In other words, the 505(b)(2) pathway, according to FDA, contemplates a 505(b)(2) applicant’s reliance on the Agency’s finding of safety and effectiveness that is contained in an NDA; and because an ANDA does not contain this finding, it cannot serve as a “listed drug for which FDA has made a finding of safety and effectiveness.” 

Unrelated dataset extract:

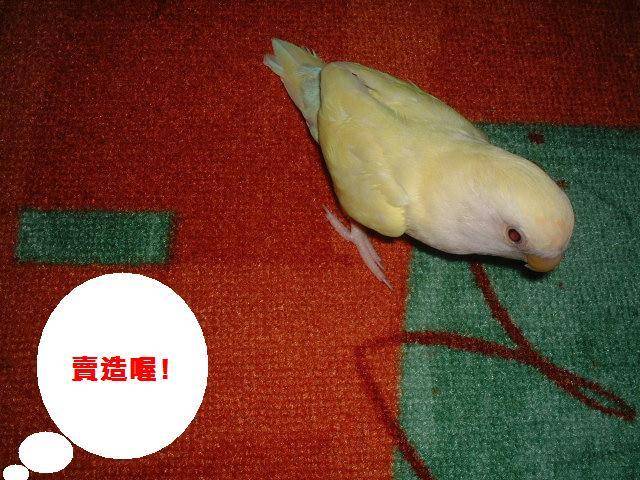 緊來酸!!!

It is unclear whether FDA’s new policy is a one-size-fits-all policy, or whether there are exceptions.  For example, there might be some unique cases where FDA would permit a 505(b)(2) sponsor to cite an ANDA approved pursuant to a DESI proceeding as as a listed drug.  And what about an ANDA approved pursuant to a suitability petition that FDA has designated as a RLD – can a 505(b)(2) sponsor cite such a drug as a listed drug?  Perhaps FDA’s long-awaited proposed regulations implementing the Medicare Modernization Act will address these issues in greater detail.